This is not Italy round 1. I’ve lived here before, twice actually! In 2012 I studied in Siena for 4 months while living with a local Italian family and then in 2015, I came back to Italy to be an Au Pair and lived with a different Italian family. I’ve done the cultural immersion thing before and “succeeded”. This is not round 1. And yet…there always seems to be another cultural faux pas hiding up my sleeve. Here are 5 things I’ve learned about Italy in the past few months.
- Pretend like you’ve been using a bidet your whole life. Just do it, trust me. The second you start trying to explain that these don’t exist in the United States you’ll be met with shock and hygiene horror equivalent only to how your face would look if someone told you they have never before used handsoap. Cultural hygiene concepts vary the world around and there are certainly many places that get along without hand soap. However, this is not the discussion you want to have with your new Italian In-Laws. Just go with me here-not that I know from experience or anything..
- Take a number and speak up. The number of situations in Italy where you will need to take a numerino (number) and fare la fila (wait in the “line”) is astonishing. From the post office to the meat counter at the grocery store, if you want something, you need to learn how to wait in “line” and run to the counter when it’s your turn and speak loudly enough to be heard. Seems simple- HA! I’ve still got to get used to telling the people at the grocery store to give me what I want (mi da questo // give me this) instead of asking in an “I would like this, please” sort of fashion. Italy doesn’t wait around for the meek and that means the nonna (grandma) with the number after you will not hesitate to step in at your slightest hesitation and steal that last slice of pizza you were working up the nerve to order.It should be stated as a universal truth that there’s no room in the Italian language for half-assed, passive-aggressive comebacks, wimpy insults, or mild-mannered statements in general.
- Say hello and sometimes kiss. Somehow this continues to be a tricky one for me. I never seem to know when it’s appropriate or not even though it is becoming ever more apparent to me that when in doubt, say hello! I’m not trying to say hi to every stranger on the street, but I guess some but not all my neighbours, that is the people who live in my building, all of whom are strangers to me, qualify in the category of necessary greetings. Family members are easy, but don’t dream of even once forgetting to include a hello, goodbye, or we’ll talk soon on behalf of everyone present, rude, very rude. And don’t even get me started on when it’s expected to kiss on the cheeks- for the life of me this never comes naturally to me. “Christine says hi, her family says hi, her parents’ dogs say hi, too!” Good manners are always fashionable.

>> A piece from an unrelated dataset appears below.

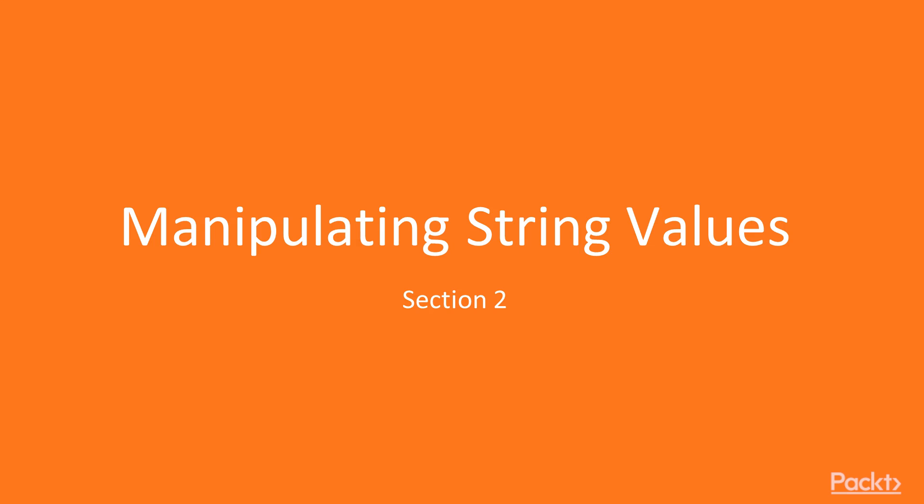Hello, welcome to section 2. In this section, we're going to learn some recipes for manipulating string values, such as trimming spaces from beginning and end of a string,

- Matching is the highest form of style. Whether it’s a trendy outfit or a tasty spice mix, Italians go bananas over a great abbinamento (outfit/match/flavor combination). Trying out new food pairings is acceptable only to a certain point, apparently- NON SI MANGIA MAI IL PANE CON IL PESCE (one never eats bread with fish). There are some customs I’m keen on following and others I couldn’t give a shit about. I’ll eat bread when I damn please.
- Don’t use the oven whenever you feel like it. There is a time slot that is sort of like the guide to when it is the least convenient in normal life to use appliances. From 7 at night until 8 in the morning, you save money whereas during weekdays you’re paying the most for your high electricity consuming appliances such as the oven, washing machine, etc. This means coordinating cooking dinner and washing your clothes now becomes a high-stakes scheduling conflict- to eat or have clean clothes? That is the question.
There will inevitably be more to add to this list. Maybe one day I’ll look like a natural, but in the meantime, I’ll keep messing up and I’ll keep laughing about it!